▶ **INPUT DATA**
- - - -

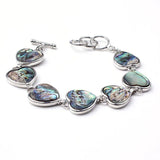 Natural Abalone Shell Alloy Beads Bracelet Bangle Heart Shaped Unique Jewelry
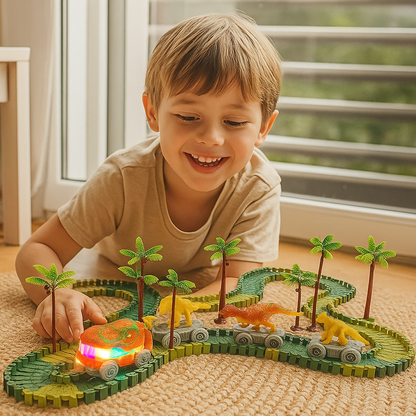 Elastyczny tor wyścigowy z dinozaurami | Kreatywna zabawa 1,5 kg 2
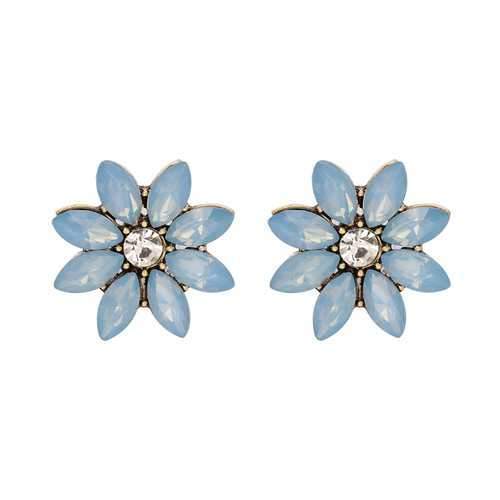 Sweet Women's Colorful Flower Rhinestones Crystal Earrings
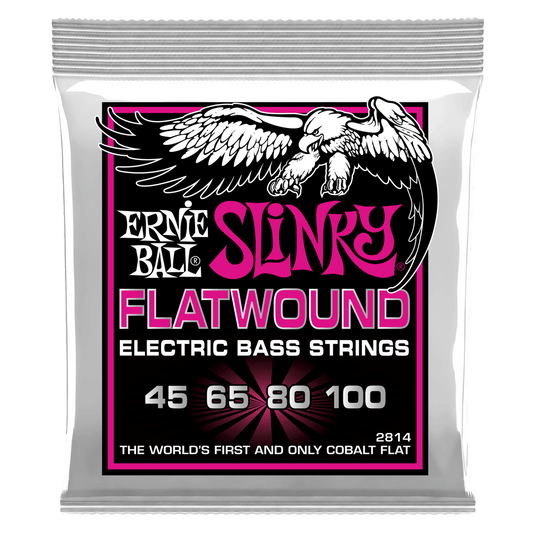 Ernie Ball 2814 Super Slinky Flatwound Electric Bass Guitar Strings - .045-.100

- - - -

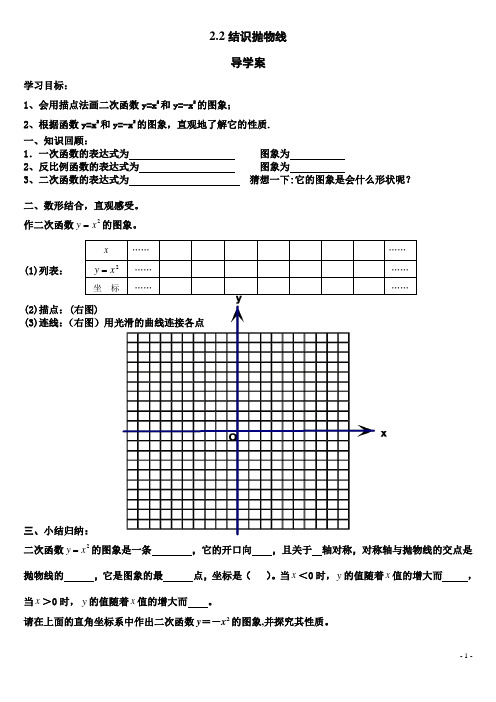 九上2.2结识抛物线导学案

- - - -

Retype the lines above exactly as they appear, from the line containing "Natural Abalone Shell" through the line containing "Ernie Ball 2814", and leave out any pictures.

 Natural Abalone Shell Alloy Beads Bracelet Bangle Heart Shaped Unique Jewelry
 Elastyczny tor wyścigowy z dinozaurami | Kreatywna zabawa 1,5 kg 2
 Sweet Women's Colorful Flower Rhinestones Crystal Earrings
 Ernie Ball 2814 Super Slinky Flatwound Electric Bass Guitar Strings - .045-.100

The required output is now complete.